This article was originally published on October 1, 2008 and expired on November 15, 2008. It is provided here for archival purposes and may contain dated information.

When we think about wildlife damage to landscapes and agricultural plantings, we are probably most familiar with deer feeding and browsing damage, especially in the winter and early spring. A hungry deer in the winter will eat about any vegetation and can put away four pounds or more of twiggy branches a day. Damage to trees and shrubs can be extensive, affecting plant shape and exposing bare wood to disease and insects. Mice and rabbits also inflict feeding damage to tree trunks and small plants, sometimes girdling them at or near the ground level.

The fall months bring another type of deer damage associated with the fall mating "rut". From early September through November male deer are looking to clean their antlers of summer velvet, while at the same time marking territory during the breeding season. In addition to rubbing antlers against trees to remove velvet, buck deer assert themselves by thrashing and battering the tree for noise effect, and coating the twigs and bark with scent from glands in their face and underbody to mark territory. Young trees, especially those 1 to 4 inches in diameter with smooth bark are especially susceptible, such as maple, magnolias and birch. Young, soft-wooded, pliable saplings, especially pine and bald cypress are also targets, and can quickly be reduced to stubs. Rubbing continues even after the velvet is removed, darkening antlers over time from plant sap.
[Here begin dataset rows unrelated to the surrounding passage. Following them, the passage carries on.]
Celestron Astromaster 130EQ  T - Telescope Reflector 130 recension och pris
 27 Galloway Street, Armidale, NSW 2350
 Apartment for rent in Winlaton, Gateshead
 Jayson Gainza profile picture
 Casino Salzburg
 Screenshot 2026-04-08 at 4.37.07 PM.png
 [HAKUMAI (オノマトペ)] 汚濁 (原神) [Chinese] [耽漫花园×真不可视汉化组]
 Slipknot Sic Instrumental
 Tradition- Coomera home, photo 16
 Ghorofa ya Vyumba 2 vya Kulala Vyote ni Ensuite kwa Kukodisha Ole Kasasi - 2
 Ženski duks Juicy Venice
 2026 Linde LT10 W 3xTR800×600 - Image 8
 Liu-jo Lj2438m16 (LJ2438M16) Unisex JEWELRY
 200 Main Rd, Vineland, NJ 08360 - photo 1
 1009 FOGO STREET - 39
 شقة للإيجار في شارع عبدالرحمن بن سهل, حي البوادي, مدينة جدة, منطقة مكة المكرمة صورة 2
Tree damage involves shredding of bark from a foot or so above the ground, to three to four feet up, exposing underlying wood. If rubbed all the way around, the trunk can be effectively girdled. If small trees are bent over by the deer, main leaders and smaller limbs can be broken off. Usually the damage is done over a 24 hour period. Because this is also a territorial action, the buck may revisit trees they like in subsequent years. Always keep in mind a buck in rut is an unpredictable animal. It has an agitated and angry appearance, and will often stand its ground and not be afraid. With its sharp antlers it is a clear danger, and challenging it or attempting to scare it away may result in an attack.

To address tree damage, trim loose, shredded bark where it's not connected tightly to the trunk. Where the bark isn't loosened around the circumference, the tree might heal and continue to develop. Fully girdled trees will die. If limbs have been broken, then the tree's structure may be altered. Prune broken branches to a strong side shoot or main branch or trunk. Look for an undamaged shoot close to the top of the tree that might be trained as a new leader if the tip has been broken off. If nothing is done, the tree will re-sprout in the spring below the damaged area, and become shrubby in growth and appearance. Over the course of the growing season, new bark will develop to cover exposed wood.

Should the tree recover, take steps to protect it next fall by wrapping trunks with plastic trunk wraps, strips of rubber tubing, or hardware mesh. One or two steel posts set next to the tree are very effective in deterring rubbing action. Flared bases on posts should be set in-line with the trunk to reduce root damage when driven in. Posts are especially effective in protecting smaller trees, and light gauge steel types 4 to 6 feet long can be used. A temporary fence can also be constructed around larger trees from September through November using woven fencing or chicken wire.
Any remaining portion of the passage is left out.